1. From a Tom Coburn interview (R-OK) by Ezra Klein:
EK: On the other side of that hypothetical, let’s say Obama wins, but Republicans hold the House and maybe even take the Senate. How do they act in that hypothetical? Are they more or less willing to compromise with Obama?
TC: I don’t know. I’m not good at predicting that. If President Obama is president again, those problems are still there and we have to solve them. He knows that. We’ve had conversations where he’s told me he’ll go much further than anyone believes he’ll go to solve the entitlement problem if he can get the compromise. And I believe him. I believe he would.
2. Did the White House Direct the Police Crackdown on Occupy?
by DAVE LINDORFF
A new trove of heavily redacted documents provided by the US Department of Homeland Security (DHS) in response to a Freedom of Information Act (FOIA) request filed by the Partnership for Civil Justice Fund (PCJF) on behalf of filmmaker Michael Moore and the National Lawyers Guild makes it increasingly evident that there was and is a nationally coordinated campaign to disrupt and crush the Occupy Movement.

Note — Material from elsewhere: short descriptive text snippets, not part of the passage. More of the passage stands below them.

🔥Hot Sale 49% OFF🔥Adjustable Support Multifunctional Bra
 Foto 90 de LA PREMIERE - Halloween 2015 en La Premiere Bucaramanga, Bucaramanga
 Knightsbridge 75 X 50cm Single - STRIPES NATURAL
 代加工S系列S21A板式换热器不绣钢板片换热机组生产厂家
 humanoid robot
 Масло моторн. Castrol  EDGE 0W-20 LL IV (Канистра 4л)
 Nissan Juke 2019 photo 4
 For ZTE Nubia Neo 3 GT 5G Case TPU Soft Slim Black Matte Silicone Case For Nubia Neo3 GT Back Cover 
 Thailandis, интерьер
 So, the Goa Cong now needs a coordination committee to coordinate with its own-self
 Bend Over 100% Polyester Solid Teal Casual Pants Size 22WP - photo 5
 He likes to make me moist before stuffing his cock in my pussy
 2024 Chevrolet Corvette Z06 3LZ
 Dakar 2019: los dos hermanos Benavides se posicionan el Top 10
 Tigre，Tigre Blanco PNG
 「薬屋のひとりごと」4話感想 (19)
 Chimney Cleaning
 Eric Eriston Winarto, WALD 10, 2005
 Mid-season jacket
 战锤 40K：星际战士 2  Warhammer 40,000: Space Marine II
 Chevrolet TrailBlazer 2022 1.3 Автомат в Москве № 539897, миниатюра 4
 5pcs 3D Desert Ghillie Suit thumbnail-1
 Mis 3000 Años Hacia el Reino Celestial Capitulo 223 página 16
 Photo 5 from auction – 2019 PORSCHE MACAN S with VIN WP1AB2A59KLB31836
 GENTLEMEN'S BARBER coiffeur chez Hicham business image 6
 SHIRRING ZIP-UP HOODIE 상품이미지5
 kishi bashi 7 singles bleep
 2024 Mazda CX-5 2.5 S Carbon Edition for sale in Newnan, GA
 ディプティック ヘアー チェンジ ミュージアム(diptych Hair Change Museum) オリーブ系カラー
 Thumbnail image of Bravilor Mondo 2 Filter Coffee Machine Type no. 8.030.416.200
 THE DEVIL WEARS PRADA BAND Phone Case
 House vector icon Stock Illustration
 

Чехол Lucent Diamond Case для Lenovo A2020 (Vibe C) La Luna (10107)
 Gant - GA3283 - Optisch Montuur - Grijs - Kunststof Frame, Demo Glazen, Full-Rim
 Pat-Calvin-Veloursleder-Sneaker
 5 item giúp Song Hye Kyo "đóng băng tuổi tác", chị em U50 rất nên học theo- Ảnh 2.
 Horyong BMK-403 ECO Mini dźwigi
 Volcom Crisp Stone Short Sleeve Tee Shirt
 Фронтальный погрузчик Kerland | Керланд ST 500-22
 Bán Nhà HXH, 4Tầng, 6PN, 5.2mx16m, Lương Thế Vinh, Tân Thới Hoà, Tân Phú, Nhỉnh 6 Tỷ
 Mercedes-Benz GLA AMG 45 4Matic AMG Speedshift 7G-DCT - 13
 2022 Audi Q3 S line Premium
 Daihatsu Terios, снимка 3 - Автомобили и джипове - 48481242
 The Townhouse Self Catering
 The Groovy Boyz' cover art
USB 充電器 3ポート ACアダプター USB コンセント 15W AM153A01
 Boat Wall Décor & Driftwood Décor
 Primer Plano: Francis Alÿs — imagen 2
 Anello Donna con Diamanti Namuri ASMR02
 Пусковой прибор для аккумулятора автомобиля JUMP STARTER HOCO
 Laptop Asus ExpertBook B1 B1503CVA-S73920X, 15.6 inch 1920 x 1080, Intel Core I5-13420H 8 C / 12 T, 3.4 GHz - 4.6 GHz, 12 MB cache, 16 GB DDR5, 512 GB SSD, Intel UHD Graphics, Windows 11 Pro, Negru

3. Why Is President Obama Keeping a Journalist in Prison in Yemen?
by Jeremy Scahill
On February 2, 2011, President Obama called Yemeni President Ali Abdullah Saleh. The two discussed counterterrorism cooperation and the battle against Al Qaeda in the Arabian Peninsula. At the end of the call, according to a White House read-out, Obama “expressed concern” over the release of a man named Abdulelah Haider Shaye, whom Obama said “had been sentenced to five years in prison for his association with AQAP.” It turned out that Shaye had not yet been released at the time of the call, but Saleh did have a pardon for him prepared and was ready to sign it. It would not have been unusual for the White House to express concern about Yemen’s allowing AQAP suspects to go free. Suspicious prison breaks of Islamist militants in Yemen had been a regular occurrence over the past decade, and Saleh has been known to exploit the threat of terrorism to leverage counterterrorism dollars from the United States. But this case was different. Abdulelah Haider Shaye is not an Islamist militant or an Al Qaeda operative. He is a journalist.
While Shaye, 35, had long been known as a brave, independent-minded journalist in Yemen, his collision course with the US government appears to have been set in December 2009. On December 17, the Yemeni government announced that it had conducted a series of strikes against an Al Qaeda training camp in the village of al Majala in Yemen’s southern Abyan province, killing a number of Al Qaeda militants. As the story spread across the world, Shaye traveled to al Majala. What he discovered were the remnants of Tomahawk cruise missiles and cluster bombs, neither of which are in the Yemeni military’s arsenal. He photographed the missile parts, some of them bearing the label “Made in the USA,” and distributed the photos to international media outlets. He revealed that among the victims of the strike were women, children and the elderly. To be exact, fourteen women and twenty-one children were killed.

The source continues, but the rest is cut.